Europe to protect Atlantic high seas from human activities

Atlantic Ocean
At bay from humans To achieve a clean, healthy and biologically diverse North-East Atlantic used sustainably, the ministers adopted key measures for human activities. They agreed to take firm steps to apply relevant lessons learnt from the recent disaster on the Deepwater Horizon in the Gulf of Mexico to prevent significant acute pollution from offshore drilling activities in the North-East Atlantic. Bernhard Stärck / Pixabay

European countries have agreed to create six marine protected areas (MPAs) in the northeast Atlantic to step up the protection of the region's environment. They have defined six zones or MPAs over 285,000 sq km where human activity should be limited.

The decision was taken at a meeting on Friday in the southwestern Norwegian city of Bergen of the OSPAR Commission, a body through which 15 regional countries, along with the European Union, work to protect the environment of the northeast Atlantic. The occasion was the third ministerial meeting of OSPAR.

These zones comprise "a range of vulnerable deep-sea habitats and species", the OSPAR Commission said in a statement, adding that it wanted to create "a precedent" worldwide.

To achieve a clean, healthy and biologically diverse North-East Atlantic used sustainably, the ministers adopted key measures for human activities. They agreed to take firm steps to apply relevant lessons learnt from the recent disaster on the Deepwater Horizon in the Gulf of Mexico to prevent significant acute pollution from offshore drilling activities in the North-East Atlantic.

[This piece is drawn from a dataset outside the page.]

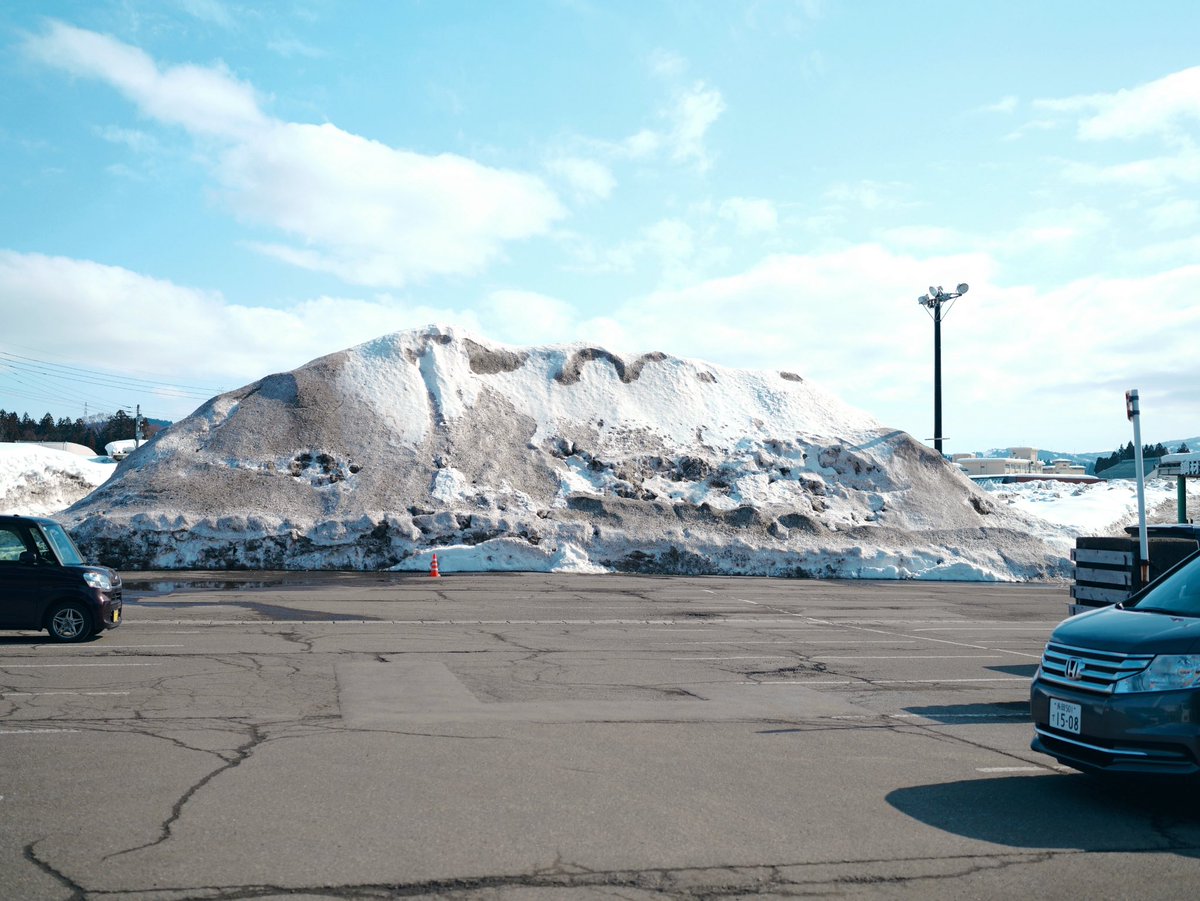 ジョークンビール、本日は湯沢店が17:00オープンです！
写真は冬しか見られないイオン駐車場とムサシ駐車場の雪山です。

The ministers adopted a Ministerial Statement which would constitute a political commitment to achieving these new goals during the next decade.

The North-East Atlantic is rich in marine wildlife, including cetaceans, sharks and rays, orange roughy and other deepwater fish, and vulnerable marine ecosystems such as cold-water coral reefs, coral gardens, sponge aggregations, seamounts and hydrothermal vent fields, many of which have been identified as threatened and declining due to high fishing pressure and impacts from other human activities.